Thomas W. SederbergThomas W. Sederberg, the 2013 Pierre Bézier Award Recipient
The Bézier award committee has chosen to award the 2013 Bézier Award to Thomas W. Sederberg for his pioneering contributions to solid and physical modeling ranging from algebraic techniques and FFD to subdivision and T-splines.
Thomas W. Sederberg was introduced to geometric modeling at Brigham Young University during his masters degree research on surface reconstruction from contour lines. His PhD thesis at Purdue University applied tools from classical algebraic geometry to computer aided geometric design. That thesis showed how to compute an exact implicit equation for Bézier curves and surfaces, and revealed that the implicit equation for a generic bicubic patch is degree 18, so two generic bicubic patches intersect in a curve of algebraic degree 324. He next invented piecewise algebraic surfaces, a technique for creating low-degree implicit surfaces suitable for free-form design. Piecewise algebraic surfaces are defined using trivariate Bézier solids, a tool he also used in Free-Form Deformation. The Bézier representation was also central to his invention of the method of Bézier-clipping, a series of algorithms for robustly computing intersections.
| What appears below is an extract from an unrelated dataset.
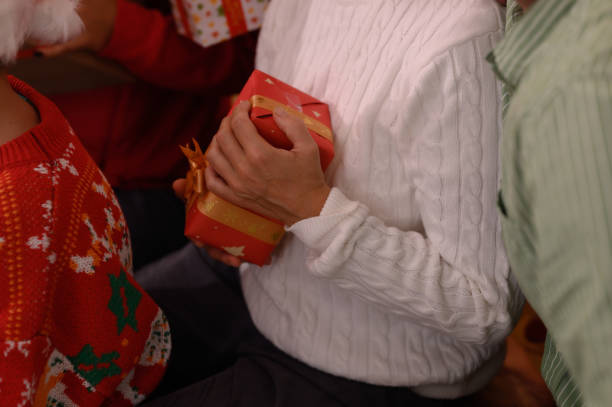 istock Close up of hands holding Christmas gift boxes 1742821437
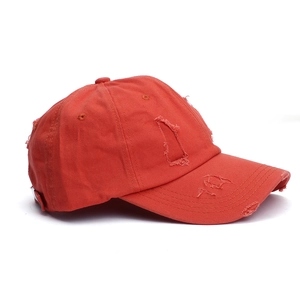 Distressed orange cotton baseball cap with vintage frayed holes and a retro street style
A problem with implicitization is that the early methods, based on multivariate resultants, fail for surfaces that have base points, which many do. He solved this problem by inventing a method called “moving surfaces” that can elegantly implicitize a surface with base points. Applying this method to curves led to his discovery of the so-called mu-basis for parametric curves.
His innovation of non-uniform Catmull-Clark surfaces provided a surface representation that is a superset of both Catmull-Clark surfaces and non-uniform bicubic B-spline surfaces. His 2003 invention of T-Splines allows for local refinement of a spline surface of arbitrary topology. A subsequent paper presented a method for representing the union of two NURBS models as a single watertight T-spline. He co-founded a company to commercialize T-splines, which was acquired by Autodesk in December 2011. Because T-splines provide local refinement and watertight models, they have proven to be ideal for isogeometric analysis, which avoids the need for meshing.